EXCERPTED RECORDS: Begin
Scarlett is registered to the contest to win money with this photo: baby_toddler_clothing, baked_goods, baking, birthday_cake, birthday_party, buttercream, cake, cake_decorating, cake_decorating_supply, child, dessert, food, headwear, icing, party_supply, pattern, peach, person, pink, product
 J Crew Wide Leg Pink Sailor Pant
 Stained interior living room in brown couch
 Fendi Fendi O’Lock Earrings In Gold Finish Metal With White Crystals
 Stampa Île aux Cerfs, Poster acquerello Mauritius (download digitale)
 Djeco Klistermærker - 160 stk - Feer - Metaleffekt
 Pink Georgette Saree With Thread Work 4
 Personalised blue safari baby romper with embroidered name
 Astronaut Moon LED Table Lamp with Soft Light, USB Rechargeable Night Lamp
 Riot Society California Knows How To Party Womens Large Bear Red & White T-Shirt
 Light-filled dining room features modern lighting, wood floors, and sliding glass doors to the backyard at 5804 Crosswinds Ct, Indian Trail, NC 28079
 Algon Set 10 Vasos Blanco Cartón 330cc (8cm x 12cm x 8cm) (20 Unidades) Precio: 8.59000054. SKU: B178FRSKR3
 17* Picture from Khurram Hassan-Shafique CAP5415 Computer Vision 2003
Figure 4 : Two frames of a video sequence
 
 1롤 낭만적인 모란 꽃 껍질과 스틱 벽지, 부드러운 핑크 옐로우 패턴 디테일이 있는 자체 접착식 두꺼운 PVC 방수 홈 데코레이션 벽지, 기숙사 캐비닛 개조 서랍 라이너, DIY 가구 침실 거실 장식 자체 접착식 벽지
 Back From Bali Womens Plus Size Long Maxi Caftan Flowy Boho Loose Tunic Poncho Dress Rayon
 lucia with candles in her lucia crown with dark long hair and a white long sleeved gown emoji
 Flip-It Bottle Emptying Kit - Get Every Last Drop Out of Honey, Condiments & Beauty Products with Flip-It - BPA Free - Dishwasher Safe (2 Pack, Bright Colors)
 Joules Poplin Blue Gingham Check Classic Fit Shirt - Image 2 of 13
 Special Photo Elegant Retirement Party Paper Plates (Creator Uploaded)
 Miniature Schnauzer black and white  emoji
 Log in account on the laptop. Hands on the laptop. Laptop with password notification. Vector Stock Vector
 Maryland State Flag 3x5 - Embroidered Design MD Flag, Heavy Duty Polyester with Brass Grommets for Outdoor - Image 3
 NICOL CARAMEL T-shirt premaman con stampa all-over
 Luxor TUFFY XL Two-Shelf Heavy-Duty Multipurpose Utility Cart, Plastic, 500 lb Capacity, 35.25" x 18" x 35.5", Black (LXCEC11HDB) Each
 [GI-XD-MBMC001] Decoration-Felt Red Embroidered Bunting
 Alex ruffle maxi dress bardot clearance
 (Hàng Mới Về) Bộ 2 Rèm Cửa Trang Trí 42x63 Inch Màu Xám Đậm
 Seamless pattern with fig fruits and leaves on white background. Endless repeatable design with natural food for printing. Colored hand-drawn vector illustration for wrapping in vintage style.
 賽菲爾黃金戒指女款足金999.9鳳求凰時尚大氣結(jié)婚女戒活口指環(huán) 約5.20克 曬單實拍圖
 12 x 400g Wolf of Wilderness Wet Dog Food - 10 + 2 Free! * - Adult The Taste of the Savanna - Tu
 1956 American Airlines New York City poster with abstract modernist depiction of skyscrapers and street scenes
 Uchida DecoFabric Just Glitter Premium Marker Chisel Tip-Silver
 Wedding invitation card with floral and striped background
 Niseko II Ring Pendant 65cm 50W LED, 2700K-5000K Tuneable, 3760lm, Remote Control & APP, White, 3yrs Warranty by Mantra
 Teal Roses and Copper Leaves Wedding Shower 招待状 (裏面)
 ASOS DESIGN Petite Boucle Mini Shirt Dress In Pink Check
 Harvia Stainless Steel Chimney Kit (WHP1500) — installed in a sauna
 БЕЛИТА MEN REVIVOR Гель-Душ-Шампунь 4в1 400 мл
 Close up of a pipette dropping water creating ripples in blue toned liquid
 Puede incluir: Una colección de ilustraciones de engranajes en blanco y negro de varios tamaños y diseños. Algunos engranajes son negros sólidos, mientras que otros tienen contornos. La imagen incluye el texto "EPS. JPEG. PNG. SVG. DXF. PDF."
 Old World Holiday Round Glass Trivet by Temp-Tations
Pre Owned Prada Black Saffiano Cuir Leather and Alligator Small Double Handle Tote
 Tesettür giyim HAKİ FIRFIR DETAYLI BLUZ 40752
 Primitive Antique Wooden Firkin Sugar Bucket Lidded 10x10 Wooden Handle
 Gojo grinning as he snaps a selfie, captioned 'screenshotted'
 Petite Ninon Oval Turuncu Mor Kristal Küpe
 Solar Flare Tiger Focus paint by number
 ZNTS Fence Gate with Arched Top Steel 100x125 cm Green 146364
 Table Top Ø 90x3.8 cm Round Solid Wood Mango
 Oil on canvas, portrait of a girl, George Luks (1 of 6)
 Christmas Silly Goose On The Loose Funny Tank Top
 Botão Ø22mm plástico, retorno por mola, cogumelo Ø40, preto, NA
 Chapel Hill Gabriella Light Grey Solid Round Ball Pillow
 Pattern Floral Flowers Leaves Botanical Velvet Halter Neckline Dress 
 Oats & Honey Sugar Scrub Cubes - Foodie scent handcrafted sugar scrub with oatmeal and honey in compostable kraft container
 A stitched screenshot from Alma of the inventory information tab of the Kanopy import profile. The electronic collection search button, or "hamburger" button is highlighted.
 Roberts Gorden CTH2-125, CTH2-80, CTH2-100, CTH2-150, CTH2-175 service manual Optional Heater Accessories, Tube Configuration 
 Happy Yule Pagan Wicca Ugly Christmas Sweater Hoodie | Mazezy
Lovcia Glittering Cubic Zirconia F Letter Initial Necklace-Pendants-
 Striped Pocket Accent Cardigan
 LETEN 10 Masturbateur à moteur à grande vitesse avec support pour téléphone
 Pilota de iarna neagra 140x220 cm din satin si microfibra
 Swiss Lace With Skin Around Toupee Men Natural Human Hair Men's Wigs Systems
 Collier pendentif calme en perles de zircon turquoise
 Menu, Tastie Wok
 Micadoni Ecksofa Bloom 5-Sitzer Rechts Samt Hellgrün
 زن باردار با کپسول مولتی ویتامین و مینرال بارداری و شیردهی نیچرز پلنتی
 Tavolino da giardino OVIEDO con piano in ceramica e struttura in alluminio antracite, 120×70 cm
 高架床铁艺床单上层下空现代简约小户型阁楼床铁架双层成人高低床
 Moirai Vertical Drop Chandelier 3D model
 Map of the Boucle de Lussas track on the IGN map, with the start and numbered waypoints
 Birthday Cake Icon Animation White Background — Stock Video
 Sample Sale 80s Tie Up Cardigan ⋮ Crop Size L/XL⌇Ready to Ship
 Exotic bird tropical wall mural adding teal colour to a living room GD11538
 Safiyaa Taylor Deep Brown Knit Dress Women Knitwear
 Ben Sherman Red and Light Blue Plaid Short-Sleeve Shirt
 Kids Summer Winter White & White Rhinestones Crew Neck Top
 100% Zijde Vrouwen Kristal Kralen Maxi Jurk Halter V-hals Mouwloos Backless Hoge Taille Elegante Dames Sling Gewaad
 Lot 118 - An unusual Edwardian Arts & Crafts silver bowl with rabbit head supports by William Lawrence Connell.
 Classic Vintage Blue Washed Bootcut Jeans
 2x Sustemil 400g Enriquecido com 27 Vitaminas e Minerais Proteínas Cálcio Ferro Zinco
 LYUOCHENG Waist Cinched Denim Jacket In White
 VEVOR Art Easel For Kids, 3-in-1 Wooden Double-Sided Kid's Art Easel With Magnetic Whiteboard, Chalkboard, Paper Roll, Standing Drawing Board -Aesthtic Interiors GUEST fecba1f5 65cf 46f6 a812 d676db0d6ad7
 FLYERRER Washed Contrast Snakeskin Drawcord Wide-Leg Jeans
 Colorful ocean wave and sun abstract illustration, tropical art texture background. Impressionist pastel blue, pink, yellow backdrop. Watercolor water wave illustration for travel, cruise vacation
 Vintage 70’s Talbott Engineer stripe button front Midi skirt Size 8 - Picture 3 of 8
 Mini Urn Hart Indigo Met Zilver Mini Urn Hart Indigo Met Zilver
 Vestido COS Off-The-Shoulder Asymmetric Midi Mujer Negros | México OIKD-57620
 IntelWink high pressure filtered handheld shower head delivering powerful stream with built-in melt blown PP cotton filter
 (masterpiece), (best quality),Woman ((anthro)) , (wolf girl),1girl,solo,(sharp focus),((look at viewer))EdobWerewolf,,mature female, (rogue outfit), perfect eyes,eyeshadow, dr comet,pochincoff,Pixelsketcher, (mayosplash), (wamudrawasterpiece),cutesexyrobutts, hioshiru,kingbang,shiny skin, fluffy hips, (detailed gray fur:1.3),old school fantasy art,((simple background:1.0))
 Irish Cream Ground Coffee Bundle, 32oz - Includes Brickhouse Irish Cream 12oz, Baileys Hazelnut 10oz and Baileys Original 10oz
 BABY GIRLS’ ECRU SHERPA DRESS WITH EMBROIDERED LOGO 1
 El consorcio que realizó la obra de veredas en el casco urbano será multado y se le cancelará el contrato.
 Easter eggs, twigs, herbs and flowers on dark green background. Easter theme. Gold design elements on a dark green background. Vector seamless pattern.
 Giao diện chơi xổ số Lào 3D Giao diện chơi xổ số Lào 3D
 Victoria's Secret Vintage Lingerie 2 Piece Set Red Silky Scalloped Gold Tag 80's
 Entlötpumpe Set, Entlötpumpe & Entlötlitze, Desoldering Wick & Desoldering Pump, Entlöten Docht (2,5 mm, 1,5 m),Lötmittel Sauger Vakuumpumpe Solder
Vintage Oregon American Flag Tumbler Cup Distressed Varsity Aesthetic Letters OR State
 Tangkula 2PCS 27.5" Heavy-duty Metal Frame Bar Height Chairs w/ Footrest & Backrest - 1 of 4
EXCERPTED RECORDS: End
**TASK ITEM**
The lines to copy run from the first line of the entries to the line containing "lucia with candles"; copy them exactly and output nothing else.

**WRITTEN RESPONSE**
Scarlett is registered to the contest to win money with this photo: baby_toddler_clothing, baked_goods, baking, birthday_cake, birthday_party, buttercream, cake, cake_decorating, cake_decorating_supply, child, dessert, food, headwear, icing, party_supply, pattern, peach, person, pink, product
 J Crew Wide Leg Pink Sailor Pant
 Stained interior living room in brown couch
 Fendi Fendi O’Lock Earrings In Gold Finish Metal With White Crystals
 Stampa Île aux Cerfs, Poster acquerello Mauritius (download digitale)
 Djeco Klistermærker - 160 stk - Feer - Metaleffekt
 Pink Georgette Saree With Thread Work 4
 Personalised blue safari baby romper with embroidered name
 Astronaut Moon LED Table Lamp with Soft Light, USB Rechargeable Night Lamp
 Riot Society California Knows How To Party Womens Large Bear Red & White T-Shirt
 Light-filled dining room features modern lighting, wood floors, and sliding glass doors to the backyard at 5804 Crosswinds Ct, Indian Trail, NC 28079
 Algon Set 10 Vasos Blanco Cartón 330cc (8cm x 12cm x 8cm) (20 Unidades) Precio: 8.59000054. SKU: B178FRSKR3
 17* Picture from Khurram Hassan-Shafique CAP5415 Computer Vision 2003
Figure 4 : Two frames of a video sequence
 
 1롤 낭만적인 모란 꽃 껍질과 스틱 벽지, 부드러운 핑크 옐로우 패턴 디테일이 있는 자체 접착식 두꺼운 PVC 방수 홈 데코레이션 벽지, 기숙사 캐비닛 개조 서랍 라이너, DIY 가구 침실 거실 장식 자체 접착식 벽지
 Back From Bali Womens Plus Size Long Maxi Caftan Flowy Boho Loose Tunic Poncho Dress Rayon
 lucia with candles in her lucia crown with dark long hair and a white long sleeved gown emoji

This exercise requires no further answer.